# Wrangler Front Axle



## coblink (Jun 14, 2009)

Fisher plow site list two axles for wrangler up to 2003. One a 2200 # and another a 2500#. You can only put a Homesteader on the 22 but a SD on the 25. What makes a Wrangler have a 2500# axle? Model or option, I cant find any lit. on it. I know you can add airbags to the front end.


----------



## 2COR517 (Oct 23, 2008)

Inside the drivers side door pillar there should be a sticker with weight ratings for both axles, and the whole truck. It will also list your "proper" tire pressures.


----------



## GPS (Jun 27, 2008)

Probably the Rubicon pkg. with the Dana 44 front end.
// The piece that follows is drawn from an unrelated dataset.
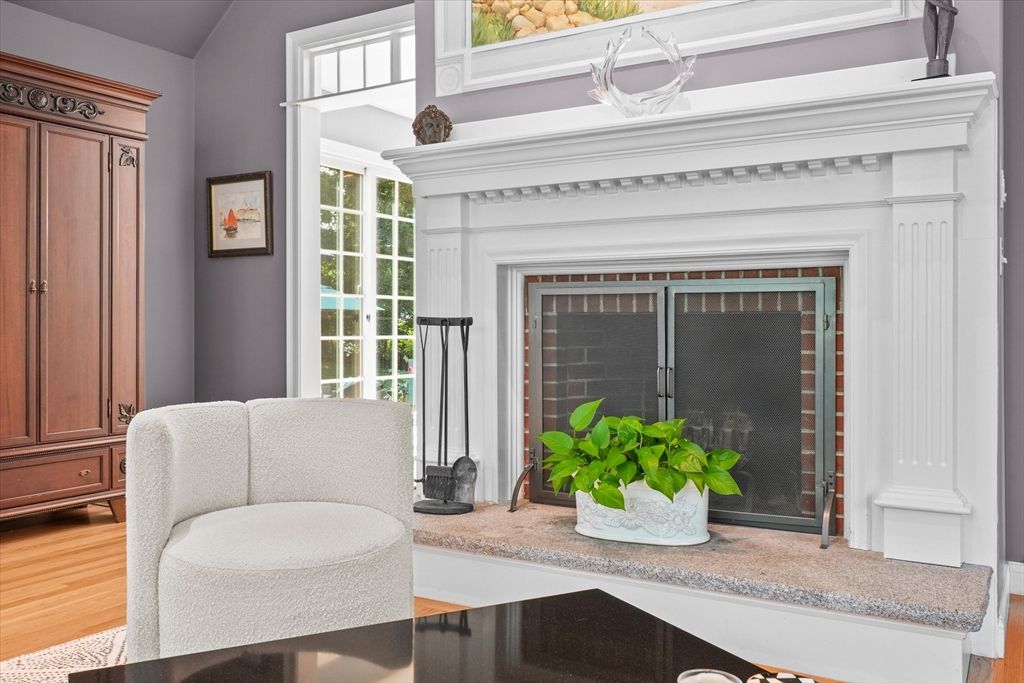 Fireplace, Interior, Wood Texture Flooring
Just a guess, though.


----------



## tuna (Nov 2, 2002)

There was no rubicon prior to `03


----------



## micklock (Jan 6, 2008)

I think it is the weight of the engine, the 2.5 is 2500 FGAWR and the 4.0 is 2200 FGAWR. The dana 44 and 30 have the same axle tubes but the 44 has a bigger ring and pinion and 30 spline axle shafts.


----------



## plowtime1 (Nov 1, 2007)

We set-up a saltdogg plow,timbrens up front, used as clean-up...so far so good.


----------